Further studies on the long-term assessment of IPG carriers are needed to better identify individuals who may benefit more from different types of IPG, and observational analysis on long-term experience is required to determine whether clinicians should consider factors like age, cognitive decline, and support networks holistically rather than in isolation when advising on IPG options.
Ethics Statement
We confirm that we have read the journal’s position on issues involved in ethical publication and affirm that this work is consistent with those guidelines.
Conflicts of Interest
Mariachiara Sensi receives speaking honoraria from AbbVie, Boston Scientific, and Bial.

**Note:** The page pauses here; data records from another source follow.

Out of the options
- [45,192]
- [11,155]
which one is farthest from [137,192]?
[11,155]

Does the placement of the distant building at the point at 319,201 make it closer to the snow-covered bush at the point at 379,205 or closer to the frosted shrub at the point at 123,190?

She receives advisory board fees from Bial. All other authors report no conflict of interest or disclosures.
Author Contributions
Conceptualization: Pietro Antenucci, Mariachiara Sensi; data collection and methodology: Pietro Antenucci, Fabiana Colucci; analysis and interpretation of results: Pietro Antenucci, Ilaria Casetta, Mariachiara Sensi; writing—original draft preparation: Pietro Antenucci; writing—review and editing: Mariachiara Sensi, Ilaria Casetta; supervision: Fabiana Colucci, Mariachiara Sensi. All authors reviewed the results and approved the final version of the manuscript.
Funding
No funding was received for this manuscript.
Open Research
Data Availability Statement
The data that support the findings of this study are available on request from the corresponding author. The data are not publicly available due to privacy or ethical restrictions.